Lula F [Visitor] //October 23 2008 at 12:47
Just out of interest, which City/ area has the best live music scene in SA? Am interested because I'm going to visit next year with a view to moving there permanently in a few years (am marrying a Saffa). Really helpful article by the way - my fiance seems pretty clueless when it comes to music from his home country!
Gavin Haynes [Member] //October 24 2008 at 19:07
Hey Lula,

Good to see some folk actually moving to SA - reversing the old brain-drain (not that I can exactly talk on that score...)
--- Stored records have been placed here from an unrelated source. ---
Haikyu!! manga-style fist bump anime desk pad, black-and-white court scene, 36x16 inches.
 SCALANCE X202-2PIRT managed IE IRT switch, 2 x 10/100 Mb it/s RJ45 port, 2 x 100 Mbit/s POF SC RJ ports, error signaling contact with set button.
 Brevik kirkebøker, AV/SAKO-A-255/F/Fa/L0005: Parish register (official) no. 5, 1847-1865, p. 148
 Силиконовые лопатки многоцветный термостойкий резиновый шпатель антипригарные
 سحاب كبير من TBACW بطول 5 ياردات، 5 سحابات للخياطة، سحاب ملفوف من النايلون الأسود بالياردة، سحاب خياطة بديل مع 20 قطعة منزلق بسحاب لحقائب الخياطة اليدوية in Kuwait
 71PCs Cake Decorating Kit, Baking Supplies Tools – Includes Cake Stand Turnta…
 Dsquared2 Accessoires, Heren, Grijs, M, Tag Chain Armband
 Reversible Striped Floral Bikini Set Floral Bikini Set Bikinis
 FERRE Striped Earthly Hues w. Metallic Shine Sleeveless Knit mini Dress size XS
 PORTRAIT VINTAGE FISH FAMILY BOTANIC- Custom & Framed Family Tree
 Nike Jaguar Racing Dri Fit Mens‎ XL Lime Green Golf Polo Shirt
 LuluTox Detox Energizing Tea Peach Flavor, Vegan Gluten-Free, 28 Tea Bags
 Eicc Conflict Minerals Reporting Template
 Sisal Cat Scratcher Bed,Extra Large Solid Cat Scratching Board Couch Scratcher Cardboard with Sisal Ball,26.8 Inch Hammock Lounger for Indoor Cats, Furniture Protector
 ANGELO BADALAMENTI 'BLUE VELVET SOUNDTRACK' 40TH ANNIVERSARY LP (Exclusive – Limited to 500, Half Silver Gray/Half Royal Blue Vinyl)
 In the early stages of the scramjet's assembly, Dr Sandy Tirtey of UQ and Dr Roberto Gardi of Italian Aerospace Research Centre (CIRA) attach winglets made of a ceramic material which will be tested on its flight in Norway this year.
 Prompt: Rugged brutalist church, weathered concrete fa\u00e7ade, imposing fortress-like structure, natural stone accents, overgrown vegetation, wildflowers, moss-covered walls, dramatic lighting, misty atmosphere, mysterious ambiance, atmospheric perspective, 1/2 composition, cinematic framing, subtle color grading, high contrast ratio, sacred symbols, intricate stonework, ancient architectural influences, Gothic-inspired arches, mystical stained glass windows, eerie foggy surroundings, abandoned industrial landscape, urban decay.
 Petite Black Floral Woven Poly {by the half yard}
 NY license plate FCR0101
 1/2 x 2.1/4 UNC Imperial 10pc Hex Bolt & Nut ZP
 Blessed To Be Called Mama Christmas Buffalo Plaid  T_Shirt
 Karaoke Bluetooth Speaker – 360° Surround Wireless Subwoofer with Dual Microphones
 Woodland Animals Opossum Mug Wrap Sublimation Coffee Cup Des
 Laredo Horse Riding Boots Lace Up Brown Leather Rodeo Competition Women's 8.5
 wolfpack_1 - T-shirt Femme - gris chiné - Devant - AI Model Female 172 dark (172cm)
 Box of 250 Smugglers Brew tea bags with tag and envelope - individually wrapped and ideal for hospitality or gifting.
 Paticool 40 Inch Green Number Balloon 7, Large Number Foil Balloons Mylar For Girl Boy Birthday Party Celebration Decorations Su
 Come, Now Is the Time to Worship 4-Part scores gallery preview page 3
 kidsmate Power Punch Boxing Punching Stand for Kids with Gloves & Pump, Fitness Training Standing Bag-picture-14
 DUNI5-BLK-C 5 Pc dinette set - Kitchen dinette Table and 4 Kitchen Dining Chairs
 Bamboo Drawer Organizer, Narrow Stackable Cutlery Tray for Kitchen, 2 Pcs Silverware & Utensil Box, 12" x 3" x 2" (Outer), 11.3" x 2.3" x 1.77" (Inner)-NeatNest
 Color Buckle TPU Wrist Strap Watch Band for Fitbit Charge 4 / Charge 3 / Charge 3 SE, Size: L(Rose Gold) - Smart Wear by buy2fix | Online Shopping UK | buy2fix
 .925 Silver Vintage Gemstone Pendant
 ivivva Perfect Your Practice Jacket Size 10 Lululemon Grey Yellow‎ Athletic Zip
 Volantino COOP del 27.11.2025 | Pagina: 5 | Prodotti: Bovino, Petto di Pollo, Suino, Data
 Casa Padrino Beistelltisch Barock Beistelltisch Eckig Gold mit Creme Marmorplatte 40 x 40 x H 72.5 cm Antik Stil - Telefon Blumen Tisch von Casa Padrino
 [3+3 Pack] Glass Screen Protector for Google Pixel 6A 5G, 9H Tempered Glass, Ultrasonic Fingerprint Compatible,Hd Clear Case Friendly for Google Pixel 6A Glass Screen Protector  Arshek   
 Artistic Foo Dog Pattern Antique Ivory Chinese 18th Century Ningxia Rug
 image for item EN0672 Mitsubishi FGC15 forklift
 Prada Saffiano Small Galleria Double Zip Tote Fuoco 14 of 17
Uh... At a stab, maybe Joburg, but that place is so big, so strung out, that it's like five different cities anyway. Cape Town's much more cohesive and scene-centric, and a bit more Anglicised in its tastes.

One hates to start on the ridiculous generalisations, but Durban's never produced much that floated my boat, and the nightlife's a bit flat.

In terms of a town that punches above its weight, Stellenbosch probably has the most bands per capita. Check out The Mystic Boer if you're ever in the area, though as much for for the neon stained-glass reproductions of Boer war lithographs on its walls.

Right, that's enough tourguiding for now...

PS: if you ever get offered the chance to see a band called Freshlyground, run a mile. Arno Carstens: run two.